Blog > Preventing Employee Data Leaks Requires Proper Safeguards
Preventing Employee Data Leaks Requires Proper Safeguards
June, 2014, Thompson Publishing Group
Reducing the risk of data breaches requires assessing your company’s vulnerabilities, then addressing them with policies, procedures, training and agreements.
The media tend to focus on external hackers, but “the real culprits for most our clients are internal,” according to employment law attorney Robert Fitzpatrick. Employee data breaches can be classified into the deliberate and the negligent, Fitzpatrick said. In the latter case, most of the negligence falls on the company for failing to identify vulnerabilities and address them with preventative measures.
Prevention starts with a vulnerability assessment, which should cover your data’s entire life cycle, according to Jennifer Trulock of Baker Botts LLP. Are the people, process and technology in place to track and control data from creation to deletion?
Companies often fail to identify the information that’s sensitive, and “make sure that throughout the organization, people are on the same page” regarding what information belongs to the company, added Paul Starkman of Pedersen & Houpt PC in Chicago.
Failing to assign clear ownership for data protection is another common weakness, Trulock said. “The head of IT may not be the right person to make sure confidential business information is protected,” she said. “There are compliance officers and there are IT people, and sometimes they don’t talk as much as they should.”

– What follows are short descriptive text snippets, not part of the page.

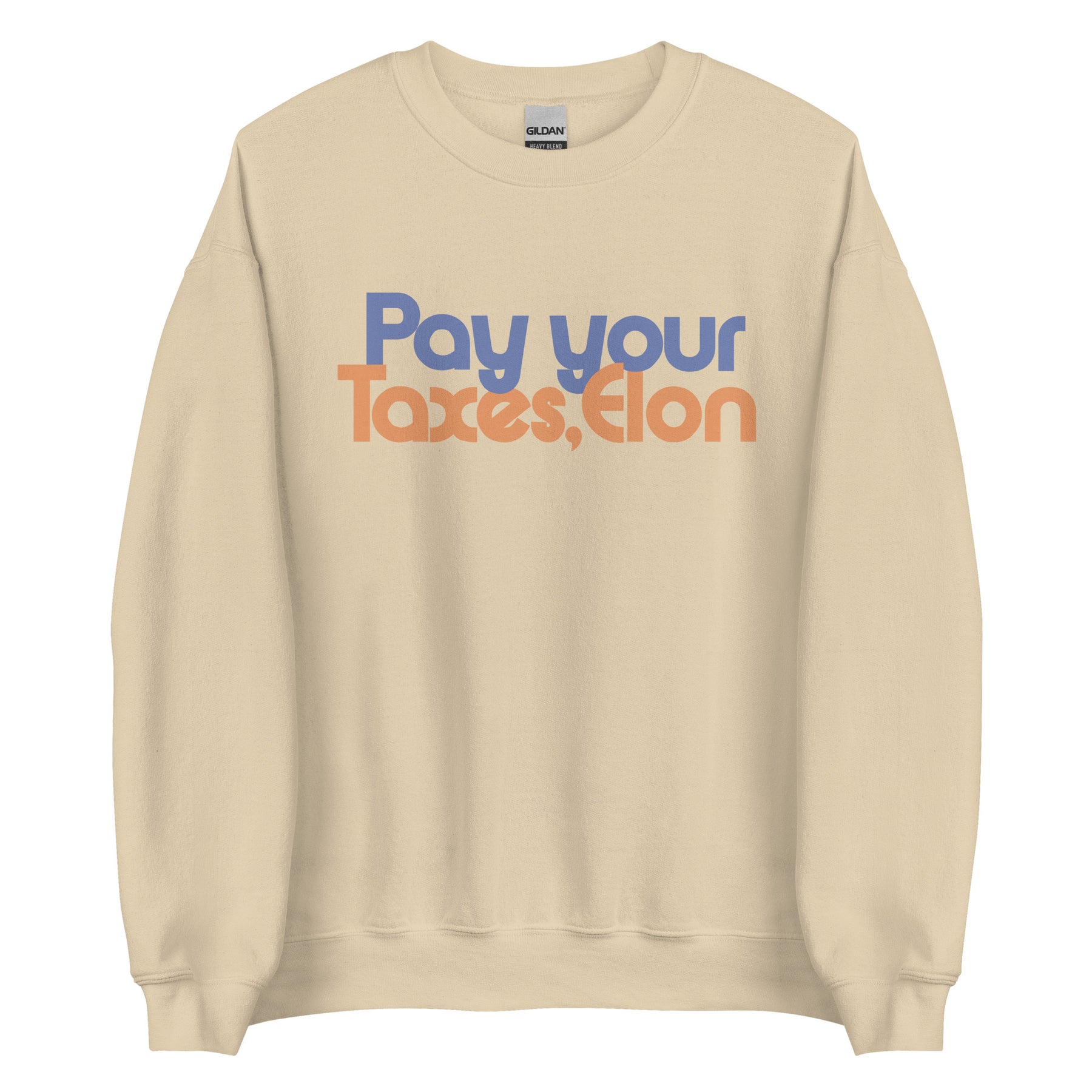 Pay Your Taxes, Elon Sweatshirt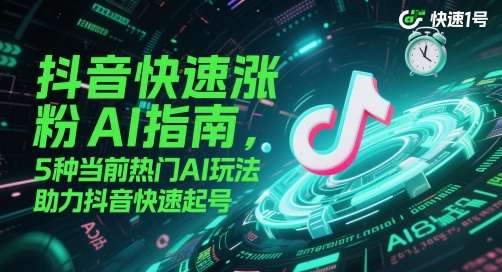 抖音快速涨粉AI指南，5种当前热门AI玩法，助力抖音快速起号-乐码云集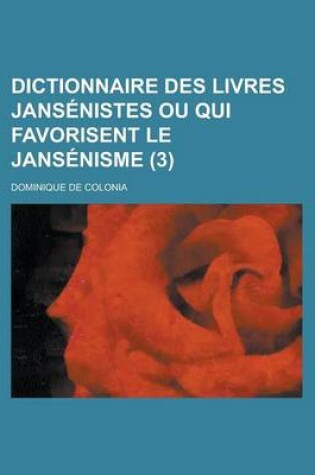 Cover of Dictionnaire Des Livres Jansenistes Ou Qui Favorisent Le Jansenisme (3 )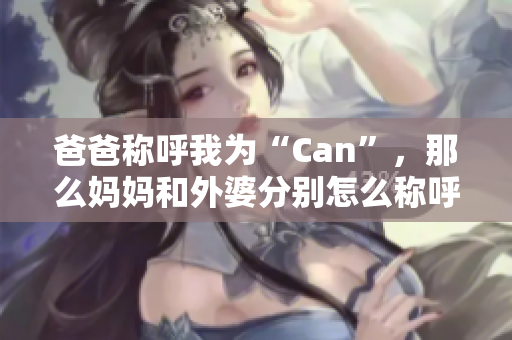 爸爸稱呼我為“Can”，那么媽媽和外婆分別怎么稱呼我呢？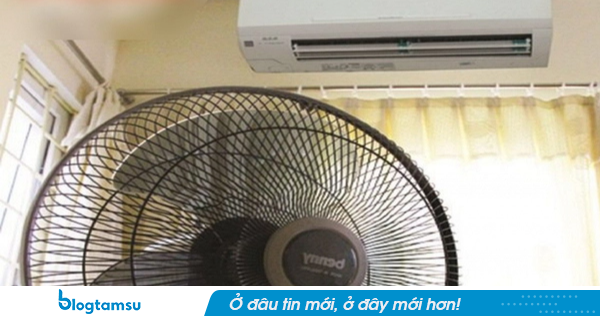 Lời khuyên cho các gia đình vừa bật điều hòa vừa dùng quạt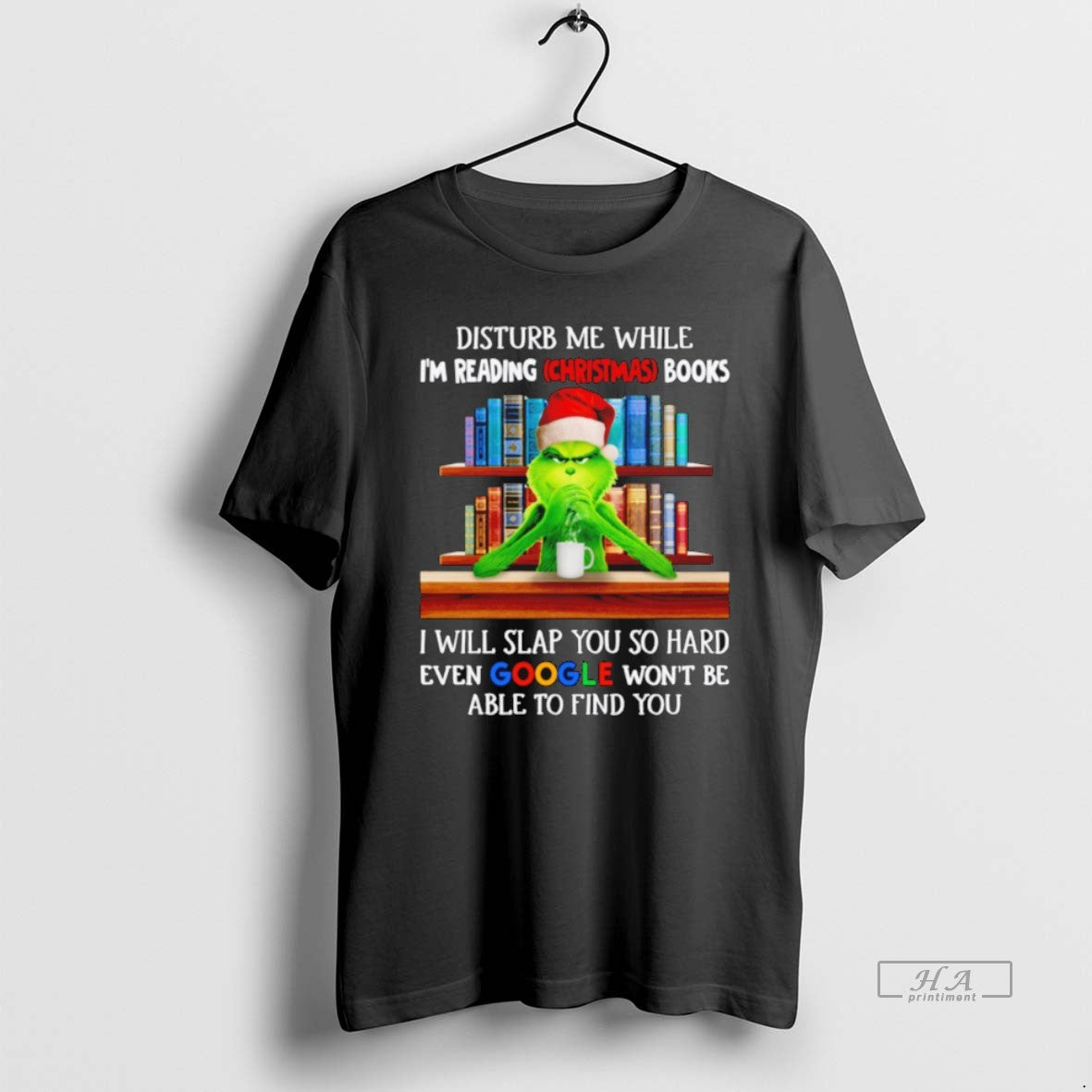 Official Grinch Disturb Me While Im Reading Christmas Books I Will Slap You So Hard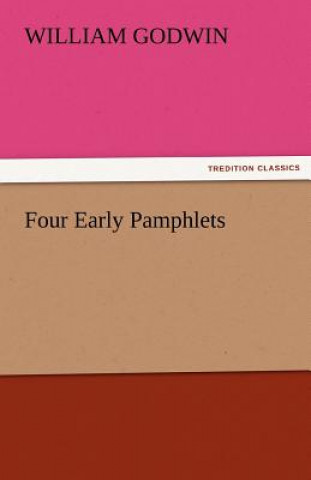 Four Early Pamphlets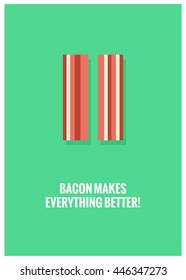 Bacon makes everything better! (Vector Illustration in flat style breakfast quote poster design)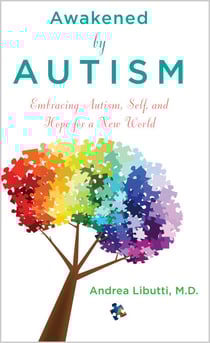 Awakened by Autism - Embracing Autism, Self, and Hope for a New World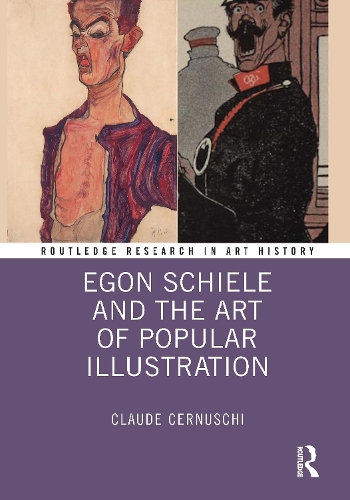 Egon Schiele and the Art of Popular Illustration.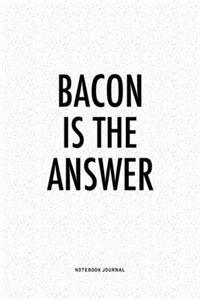 Bacon Is The Answer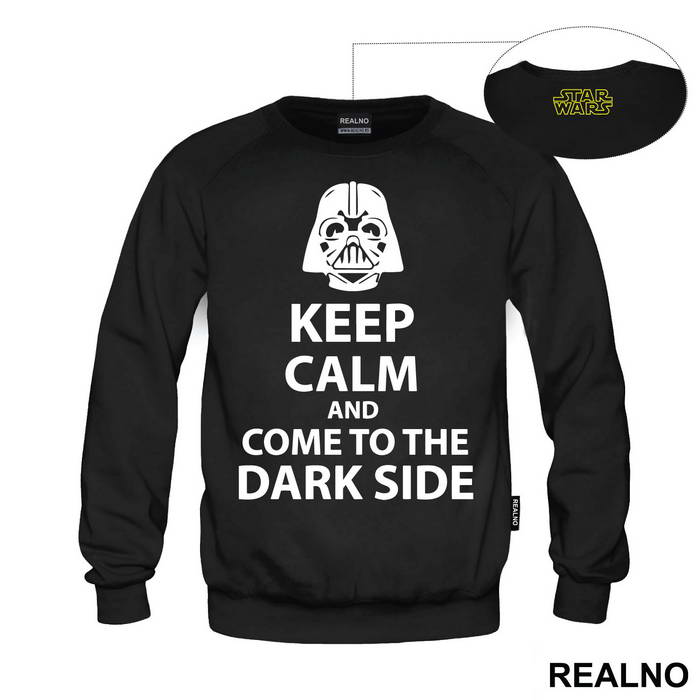 Keep Calm And Come To The Dark Side - Star Wars - Majica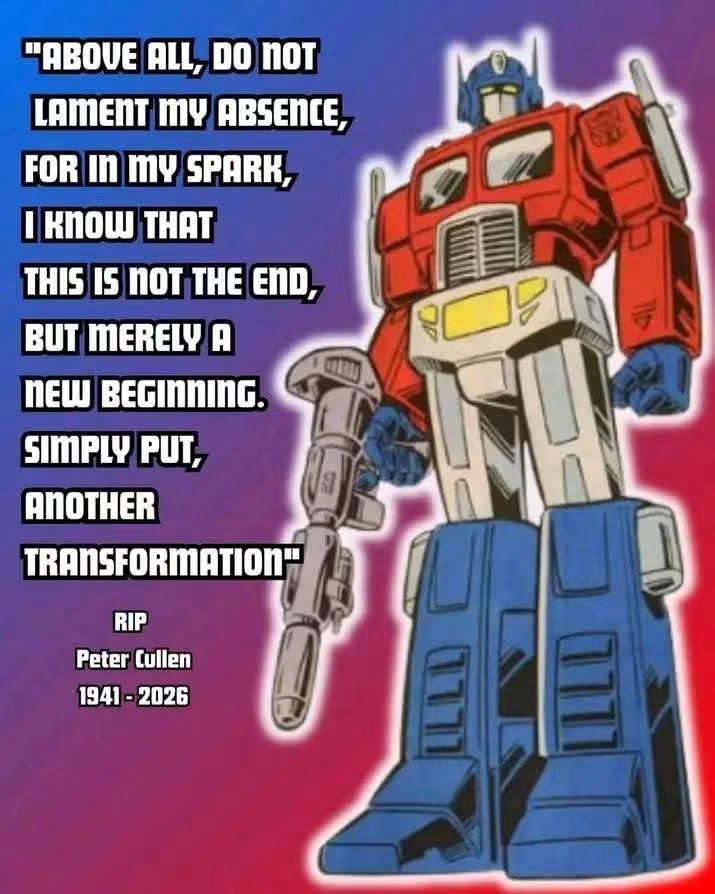 Dekuzilla4th's tweet photo. We lost a legend and I really did not expect something like that to happen. Along with Dolly and Tim passing what a bad week. However legends never die and RIP to him. #petercullen #optimusprime #yougotthetouch #autobotstransformandrollout #untilthatdaytillallareone https://t.co/tP7taDRGW2
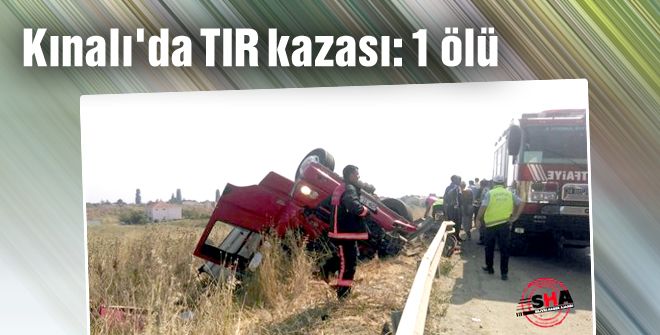 Kınalı'da TIR kazası: 1 ölü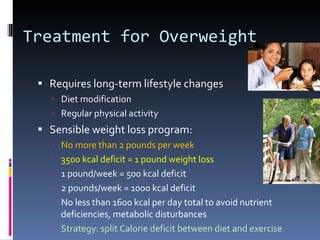 Treatment for Overweight Requires long-term lifestyle changes Diet modification Regular physical activity Sensible weight loss program: No more than 2 pounds per week 3500 kcal deficit = 1 pound weight loss 1 pound/week = 500 kcal deficit 2 pounds/week = 1000 kcal deficit No less than 1600 kcal per day total to avoid nutrient deficiencies, metabolic disturbances Strategy: split Calorie deficit between diet and exercise 
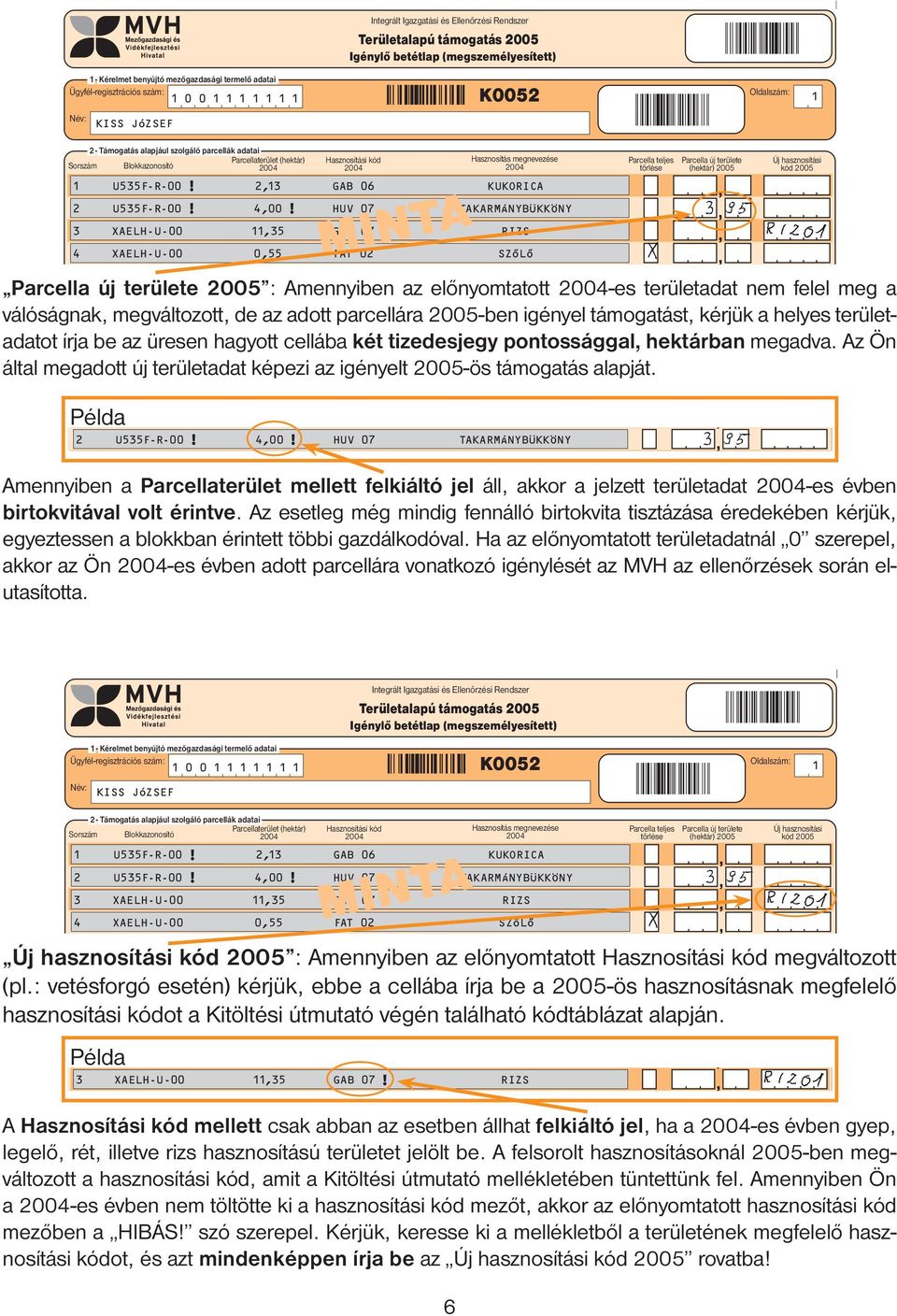 Példa Amennyiben a Parcellaterület mellett felkiáltó jel áll, akkor a jelzett területadat 2004-es évben birtokvitával volt érintve.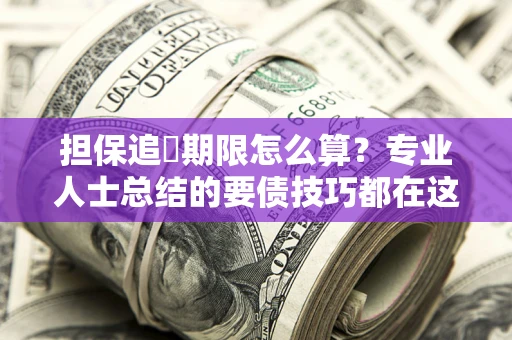 北京担保追償期限怎么算？专业人士总结的要债技巧都在这里了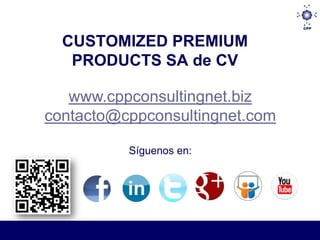 CUSTOMIZED PREMIUM
   PRODUCTS SA de CV

   www.cppconsultingnet.biz
contacto@cppconsultingnet.com

          Síguenos en:
 
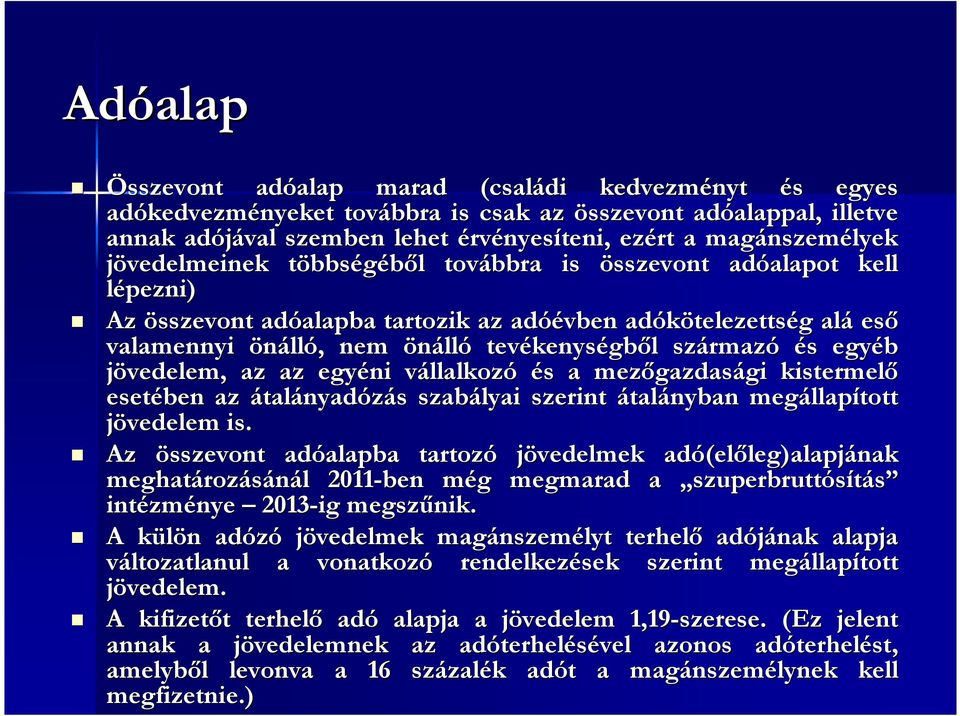 alá eső valamennyi önálló,, nem önálló tevékenys kenységből l származ rmazó és s egyéb jövedelem, az az egyéni vállalkozv llalkozó és s a mezőgazdas gazdasági gi kistermelő esetében az átalányadózás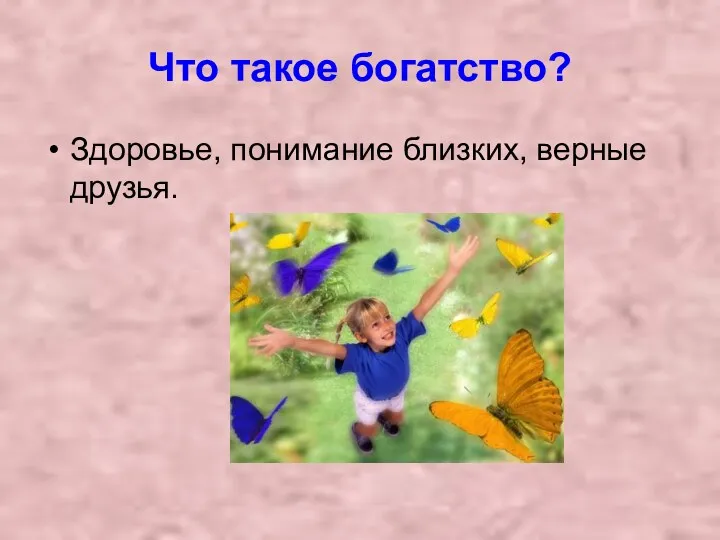 Что такое богатство? Здоровье, понимание близких, верные друзья.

This can hinder the proper implementation of preventive measures. “We see, regularly, companies buy tools but maybe don’t educate their employees about the tools,” Trulock said — for example, 40 percent of executives reportedly turn off laptop encryption.
Organizations devote most of their resources to preventing hacking,” but people within the organization are responsible for 70 percent of data loss, she said. One common scenario involves “the long-term, trusted employee” who turns out to have been appropriating or misusing data, Starkman noted. “This is something that happens all the time because of a lack of internal controls and a lack of auditing.”
Fitzpatrick also cited a widely held mentality among employees that they are entitled to remove certain information for future use, such as to burnish their credentials with prospective employers.
Sometimes this data is removed during the normal course of business, then when the person’s employment ends he or she has a lot of sensitive information on mobile devices, Fitzpatrick explained. Or sometimes an employee will start taking data after seeing “the handwriting on the wall,” he added.
Preventing situations in which terminated employees access the corporate network through another employee’s password goes back to building a culture of how important it is to protect data, Fitzpatrick said.
The process elements of prevention include periodic risk assessments, security audits and documented security procedures “that actually reflect the needs of our business,” Trulock said. Having employees sign agreements on confidentiality and nondisclosure should be more than just a paperwork exercise.
“I find employers will have an employee sign a confidentiality agreement,” including an intellectual property provision, Trulock said, but “in my experience employers rarely walk the employee through the IP provision.” And on termination, “you want people to certify that they’ve given everything back to you.”
Not enough companies have a clear picture of where all of their laptops and portable devices are, Starkman added. “Knowing what you have and then being able to protect it is what it’s all about” — including data held by vendors, as Target’s data breach illustrated.
Balancing the people, processes and technology elements of prevention requires consulting with the internal stakeholders, including general counsel, internal audit and the owners of the actual business processes, Trulock continued. “Identify what’s high-risk; protect the stuff that’s important.”
This consultation process should yield a series of policies, procedures, agreements and training for protecting data. The training should cover IT policy, information security, working remotely and preserving company records, Trulock said. “Employees can’t comply with policies if they don’t understand them.”